Exercise prompt
State only how many lines below include the word "About".

[Data entries]
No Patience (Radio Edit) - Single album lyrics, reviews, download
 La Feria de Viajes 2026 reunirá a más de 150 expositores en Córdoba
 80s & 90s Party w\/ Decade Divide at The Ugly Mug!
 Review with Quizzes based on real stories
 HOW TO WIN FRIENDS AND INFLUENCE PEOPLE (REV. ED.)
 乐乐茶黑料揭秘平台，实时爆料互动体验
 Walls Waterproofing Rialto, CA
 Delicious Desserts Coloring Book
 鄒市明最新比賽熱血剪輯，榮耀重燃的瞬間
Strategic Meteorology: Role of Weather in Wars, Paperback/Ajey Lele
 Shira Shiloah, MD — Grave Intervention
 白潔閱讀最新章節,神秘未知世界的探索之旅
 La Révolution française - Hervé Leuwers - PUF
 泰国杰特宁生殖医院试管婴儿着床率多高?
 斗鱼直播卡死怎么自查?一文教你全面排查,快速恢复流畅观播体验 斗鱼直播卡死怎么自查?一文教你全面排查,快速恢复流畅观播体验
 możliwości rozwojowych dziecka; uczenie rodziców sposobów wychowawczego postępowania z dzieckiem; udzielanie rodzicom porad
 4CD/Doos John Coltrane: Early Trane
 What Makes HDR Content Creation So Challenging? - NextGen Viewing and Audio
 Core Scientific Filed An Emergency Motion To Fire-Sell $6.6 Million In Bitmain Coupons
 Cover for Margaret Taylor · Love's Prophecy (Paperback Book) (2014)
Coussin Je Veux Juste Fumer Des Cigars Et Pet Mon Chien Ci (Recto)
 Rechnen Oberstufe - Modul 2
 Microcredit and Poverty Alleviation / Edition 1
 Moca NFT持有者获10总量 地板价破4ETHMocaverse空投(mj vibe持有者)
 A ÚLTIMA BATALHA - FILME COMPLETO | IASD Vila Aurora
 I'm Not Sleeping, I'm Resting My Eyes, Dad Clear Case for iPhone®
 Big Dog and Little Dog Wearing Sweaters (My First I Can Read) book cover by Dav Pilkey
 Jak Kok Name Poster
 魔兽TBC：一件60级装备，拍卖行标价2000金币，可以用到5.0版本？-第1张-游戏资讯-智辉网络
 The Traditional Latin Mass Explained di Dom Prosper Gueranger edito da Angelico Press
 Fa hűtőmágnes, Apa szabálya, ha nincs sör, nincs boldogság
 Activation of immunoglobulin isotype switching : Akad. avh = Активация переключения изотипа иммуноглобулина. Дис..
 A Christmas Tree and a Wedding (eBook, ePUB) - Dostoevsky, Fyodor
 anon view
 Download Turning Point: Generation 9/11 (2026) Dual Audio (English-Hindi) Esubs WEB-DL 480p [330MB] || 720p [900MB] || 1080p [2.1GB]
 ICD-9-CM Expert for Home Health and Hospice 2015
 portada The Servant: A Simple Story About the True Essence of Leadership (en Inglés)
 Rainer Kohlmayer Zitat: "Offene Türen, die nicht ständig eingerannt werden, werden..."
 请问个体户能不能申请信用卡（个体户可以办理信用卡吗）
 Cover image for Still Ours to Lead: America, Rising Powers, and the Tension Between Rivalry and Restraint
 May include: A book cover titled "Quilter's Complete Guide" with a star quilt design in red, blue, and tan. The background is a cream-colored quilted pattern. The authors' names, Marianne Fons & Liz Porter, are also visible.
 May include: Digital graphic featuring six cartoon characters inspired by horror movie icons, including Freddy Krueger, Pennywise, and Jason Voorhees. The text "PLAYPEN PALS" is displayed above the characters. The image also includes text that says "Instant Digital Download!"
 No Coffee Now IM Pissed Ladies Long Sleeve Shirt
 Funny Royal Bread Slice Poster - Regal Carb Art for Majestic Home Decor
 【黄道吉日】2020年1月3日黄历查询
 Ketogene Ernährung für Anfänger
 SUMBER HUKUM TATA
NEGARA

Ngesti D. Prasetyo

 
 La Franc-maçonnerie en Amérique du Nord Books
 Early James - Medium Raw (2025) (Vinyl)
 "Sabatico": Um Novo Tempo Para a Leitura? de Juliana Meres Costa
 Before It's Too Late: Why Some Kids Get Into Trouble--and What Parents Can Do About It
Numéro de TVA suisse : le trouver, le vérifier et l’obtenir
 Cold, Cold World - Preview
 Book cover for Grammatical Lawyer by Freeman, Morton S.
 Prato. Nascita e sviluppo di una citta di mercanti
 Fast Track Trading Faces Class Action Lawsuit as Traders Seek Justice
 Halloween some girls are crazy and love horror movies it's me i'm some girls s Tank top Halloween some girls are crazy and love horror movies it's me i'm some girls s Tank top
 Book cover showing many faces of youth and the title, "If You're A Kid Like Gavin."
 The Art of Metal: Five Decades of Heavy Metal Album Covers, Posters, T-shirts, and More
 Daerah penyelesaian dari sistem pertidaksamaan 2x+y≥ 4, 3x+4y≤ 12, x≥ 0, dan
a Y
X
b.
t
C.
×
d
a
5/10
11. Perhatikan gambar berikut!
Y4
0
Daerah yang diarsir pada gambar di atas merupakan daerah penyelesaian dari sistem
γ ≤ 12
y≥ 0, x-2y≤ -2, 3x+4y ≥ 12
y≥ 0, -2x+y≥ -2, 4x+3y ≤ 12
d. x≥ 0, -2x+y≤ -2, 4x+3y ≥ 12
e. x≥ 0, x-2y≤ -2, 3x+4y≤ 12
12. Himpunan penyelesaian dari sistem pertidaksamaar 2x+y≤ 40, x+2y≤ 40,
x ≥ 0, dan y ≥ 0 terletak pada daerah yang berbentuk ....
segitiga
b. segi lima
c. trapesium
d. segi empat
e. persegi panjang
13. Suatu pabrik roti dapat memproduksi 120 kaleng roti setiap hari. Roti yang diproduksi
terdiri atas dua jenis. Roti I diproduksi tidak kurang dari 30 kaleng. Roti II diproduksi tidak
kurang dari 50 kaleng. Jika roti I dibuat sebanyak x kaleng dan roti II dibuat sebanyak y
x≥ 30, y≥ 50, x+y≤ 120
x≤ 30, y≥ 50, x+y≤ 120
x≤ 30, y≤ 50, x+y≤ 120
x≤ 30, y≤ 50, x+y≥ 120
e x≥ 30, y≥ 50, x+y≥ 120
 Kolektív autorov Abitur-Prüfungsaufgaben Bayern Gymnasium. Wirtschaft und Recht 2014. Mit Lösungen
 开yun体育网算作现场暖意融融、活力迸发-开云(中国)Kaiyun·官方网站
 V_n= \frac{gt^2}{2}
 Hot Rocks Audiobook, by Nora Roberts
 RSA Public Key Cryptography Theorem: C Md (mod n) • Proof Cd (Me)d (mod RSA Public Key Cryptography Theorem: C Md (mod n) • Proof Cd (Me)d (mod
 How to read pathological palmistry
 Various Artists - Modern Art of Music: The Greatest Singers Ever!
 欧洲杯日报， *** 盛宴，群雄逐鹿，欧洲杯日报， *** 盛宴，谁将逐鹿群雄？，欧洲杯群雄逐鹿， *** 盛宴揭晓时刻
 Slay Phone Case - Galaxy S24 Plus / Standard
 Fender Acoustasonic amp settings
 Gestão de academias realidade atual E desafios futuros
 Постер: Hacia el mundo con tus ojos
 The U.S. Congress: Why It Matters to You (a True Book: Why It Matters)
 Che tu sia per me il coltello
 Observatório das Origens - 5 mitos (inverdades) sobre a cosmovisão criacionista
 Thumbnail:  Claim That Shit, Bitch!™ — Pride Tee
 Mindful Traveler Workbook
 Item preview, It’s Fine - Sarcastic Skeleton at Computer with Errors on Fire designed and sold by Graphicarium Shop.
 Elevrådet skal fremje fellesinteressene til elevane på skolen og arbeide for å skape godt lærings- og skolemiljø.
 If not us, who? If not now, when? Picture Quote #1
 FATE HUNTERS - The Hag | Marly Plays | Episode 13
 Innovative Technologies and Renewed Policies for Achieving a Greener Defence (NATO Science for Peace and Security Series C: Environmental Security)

Your response
2